Obecny wicemarszałek Sejmu miał zdradzić przedstawicielom komunistycznej bezpieki, kto kryje się pod poszczególnymi pseudonimami, a potem zobowiązał się do udzielenia wszelkich informacji, w zamian za złagodzenie kary. Stefan Niesiołowski dostał jednak wyrok siedmiu lat pozbawienia wolności.
"Rzeczpospolita" przypomina też fragment książki Niesiołowskiego z 1989 roku "Wysoki brzeg". "Musiałem się zdecydować - albo zaprzeczać wszystkiemu i odmówić zeznań, albo zeznawać wykrętnie. Nie miałem odwagi ani siły odmówić zeznań i to był mój największy błąd. Potem nie rozumiałem dlaczego. Nic mnie właściwie nie usprawiedliwiało, poza strachem" - pisał w niej obecny wicemarszałek Sejmu.
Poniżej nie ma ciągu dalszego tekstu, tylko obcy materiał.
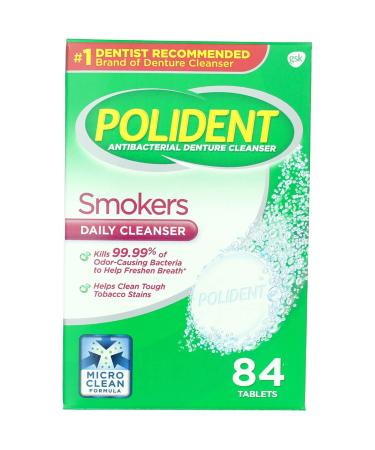 Polident Smokers Antibacterial Denture Cleanser 84 ea (Pack of 3)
Jednak bliski współpracownik Niesiołowskiego z organizacji "Ruch" - Andrzej Czuma, któy teraz jest posłem Platformy Obywatelskiej - w wywiadzie dla DZIENNIKA zarzuca Jarosławowi Kaczyńskiemu, że kłamie w sprawie zachowania się Niesiołowskiego w śledztwie. Klub PO zapowiedział złożenie wniosku o ukaranie szefa PiS przed komisję etyki poselskiej.